The schedules support compliance by providing laser classification rules, labelling formats, fees, and a list of standards. This schedule-based approach is typical of Singapore’s technical regulatory style: it allows the Regulations to incorporate detailed technical content without overburdening the main text.
Who Does This Legislation Apply To?
The Regulations apply to persons and entities that deal with controlled non-ionising radiation apparatus and undertake regulated “radiation work” or related activities. This includes licensees operating irradiating apparatus, and likely extends to manufacturers, importers, and operators depending on how “deal” and regulated activities are implemented in the full text.
In practice, the primary regulated stakeholders are: (i) healthcare providers using ultrasound or MRI apparatus; (ii) businesses operating lasers (including entertainment venues and industrial users); (iii) facilities using sunlamps; and (iv) operators who possess or use microwave ovens and other apparatus within the scope of the Regulations. Where a licence is required, the licensee bears the core compliance duties and must ensure that radiation safety governance (including appointment of a radiation safety officer) is in place.

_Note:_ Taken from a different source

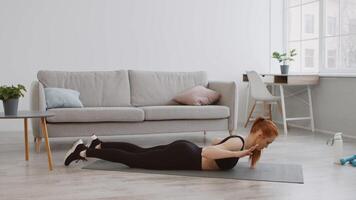 A woman is engaged in floor exercises on a mat in her stylish living room, surrounded by plants and furniture, focusing on her fitness routine and improving strength. video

Why Is This Legislation Important?
The NIR Regulations are important because they convert non-ionising radiation safety from general “best practice” into enforceable legal obligations. Non-ionising radiation incidents can still lead to serious injuries—particularly eye damage from lasers and skin injuries from ultraviolet sunlamps. By requiring licensing, technical compliance, and public protection measures, the Regulations reduce the likelihood and severity of harm.
From an enforcement and litigation perspective, the Regulations’ standards-based structure is significant. Definitions such as AEL and references to recognised laser safety standards (e.g., ANSI Z136.1) allow regulators and courts to assess compliance using objective benchmarks. Labelling requirements also create documentary evidence that can be used to establish what safety information was provided and whether the apparatus was presented as meeting required classifications.
For practitioners advising regulated clients, the Regulations also highlight operational risk: accident reporting and investigation duties mean that incident response must be planned in advance. Failure to report radiation-related accidents, or inadequate investigation, can compound liability even where the underlying exposure was limited.
Related Legislation
- Radiation Protection Act (Chapter 262): the enabling Act (Section 28 authorises these Regulations)
- Dental Registration Act
- Healthcare Services Act 2020
- Other “Radiation Protection” subsidiary legislation (as applicable within the Radiation Protection regulatory framework)
Source Documents
This article provides an overview of the Radiation Protection (Non-Ionising Radiation) Regulations for legal research and educational purposes. It does not constitute legal advice. Readers should consult the official text for authoritative provisions.